I would go Panguich lake, the more homework you can do the more successful you'll be, and with the deadlier weapon it should be a success.


----------



## goofy elk (Dec 16, 2007)

4+ years ago , I would have LOVED to have had a Monroe elk tag....

Those days are gone ... Quality of bulls NOSE diving on Monroe ...

The Beaver unit is better quality now than Monroe-----Thats why......


----------



## colorcountrygunner (Oct 6, 2009)

IBSquatchin said:


> Just curious, how many points do you have for the Monroe tag?
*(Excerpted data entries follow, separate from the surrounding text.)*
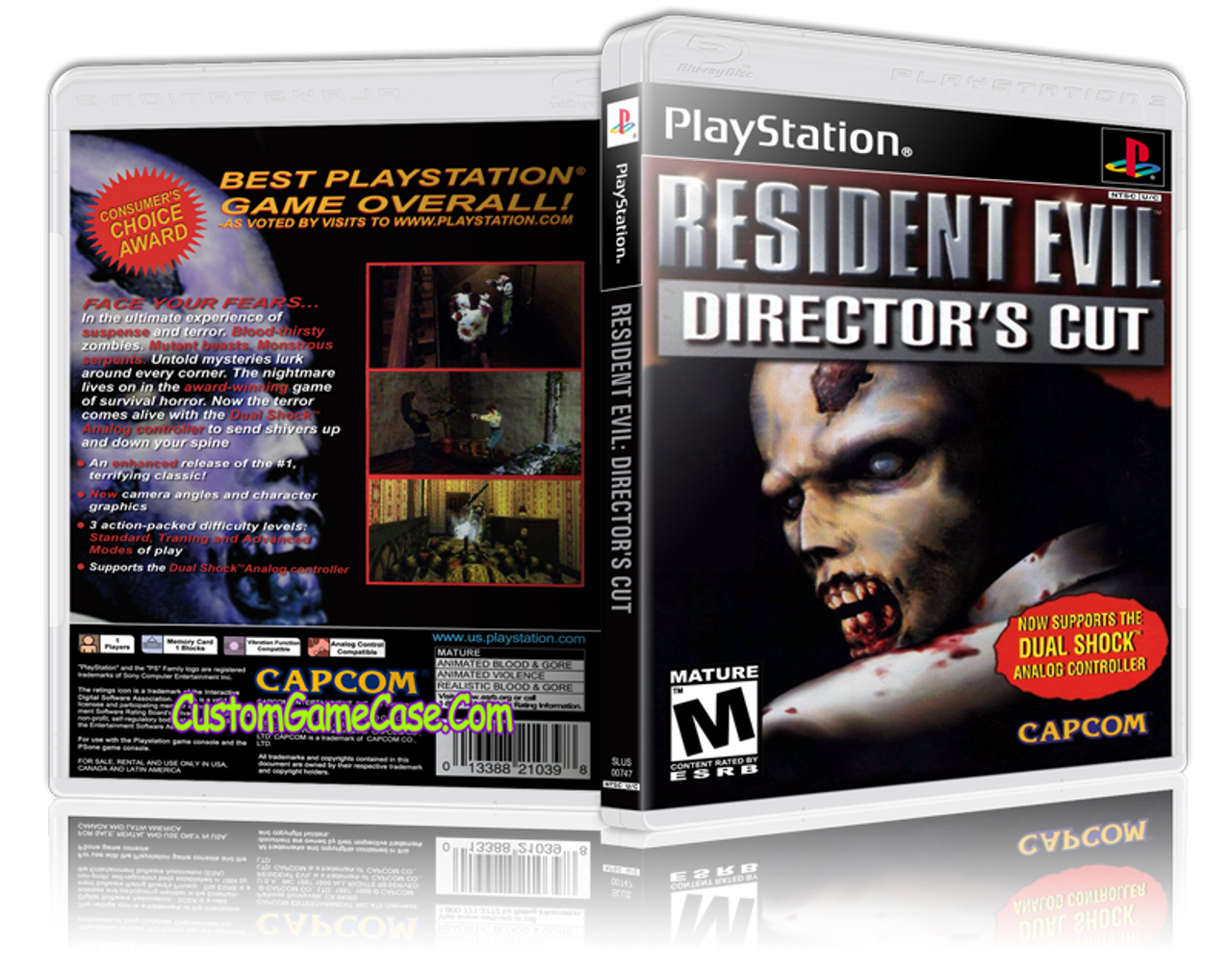 resident evil sony playstation 1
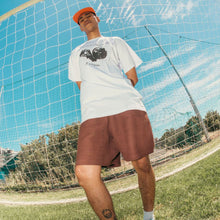 Load image into Gallery viewer, EARSPLITTING FC - Lounge Shorts - Chocolate Brown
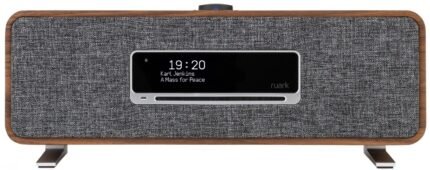 Ruark Audio R3S Compact Music System - Rich Walnut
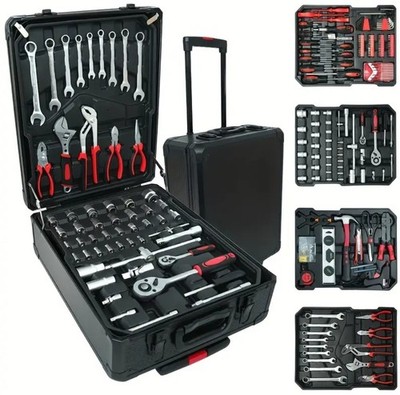 High-end Professional 45+1/44+2/42+1/899pcs Tool Set - Free Shipping & Handling 
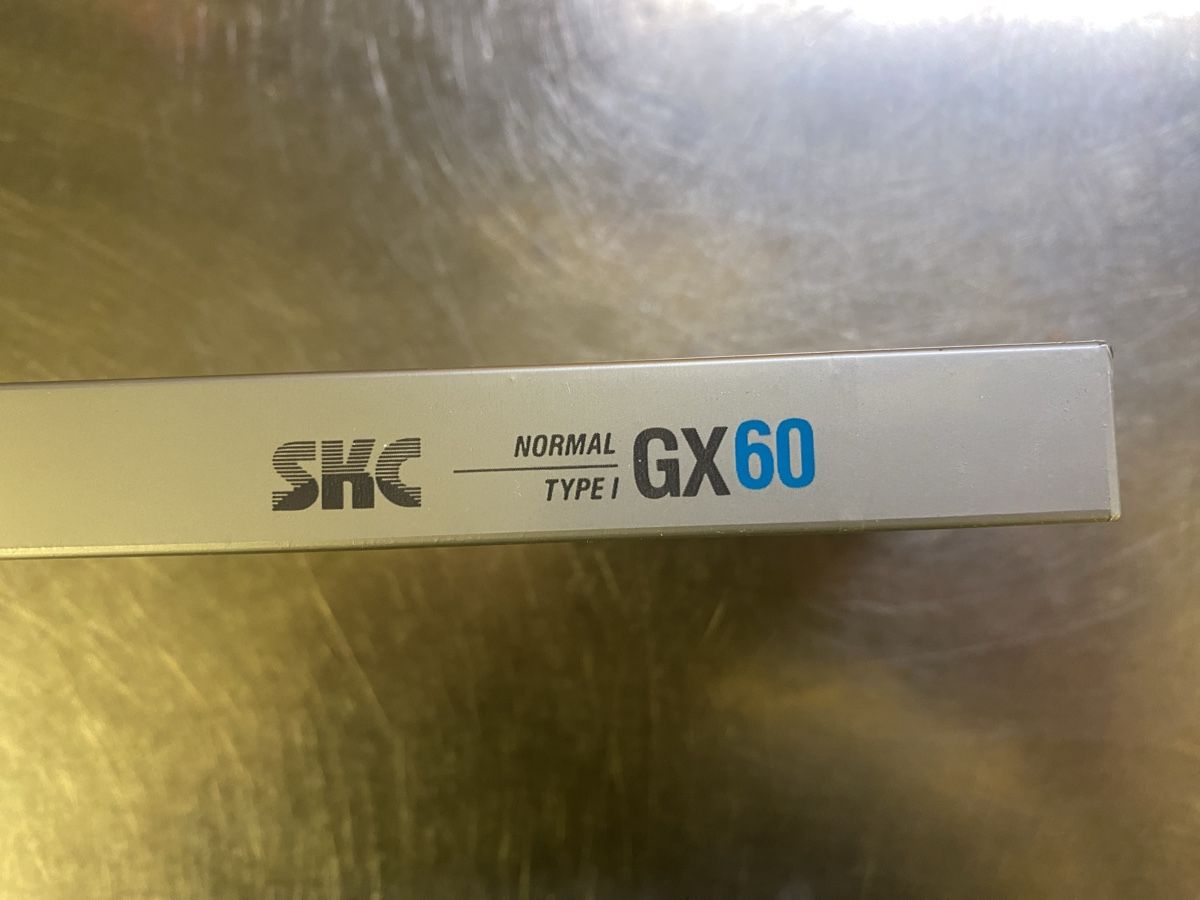 Musicassette: SKC GX60 cassette kassette – Nuovo e nell'imballaggio originale da Wallisellen venduto da nick_1976blu 2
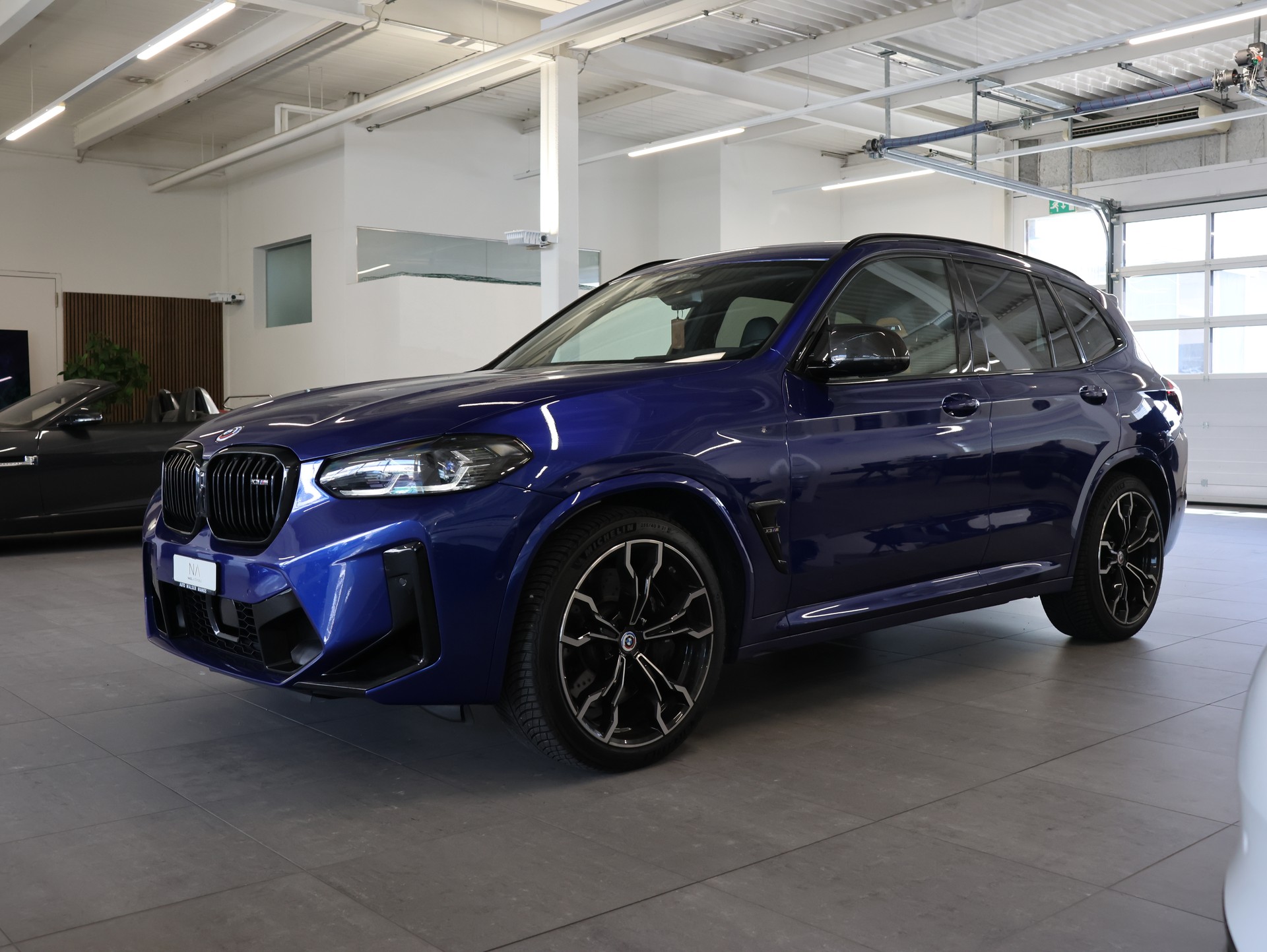 BMW X3 xDrive M Competition Steptronic *Auffällige Individualfarbe in Blau* *Harman Kardon* Panoramadach*-showroom-element-3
 I have 16 points now and will have 17 going into the 2014 draw. I'm seeing votes for the muzzleloader hunts. Are the bulls still quite active during the muzz hunt? Are there still a lot of big boys that didn't get shot up during the early rifle?


----------



## goofy elk (Dec 16, 2007)

^^Um,The number of points you have now is what U have for the 2014 draw^^


----------



## colorcountrygunner (Oct 6, 2009)

^^ Well, I guess I should say I have 17 points then because I started putting in for le elk in '98 so...

98- 1 point
99- 2
00-3
01-4....

11-14
12-15
13-16
2014- 17 points


----------



## colorcountrygunner (Oct 6, 2009)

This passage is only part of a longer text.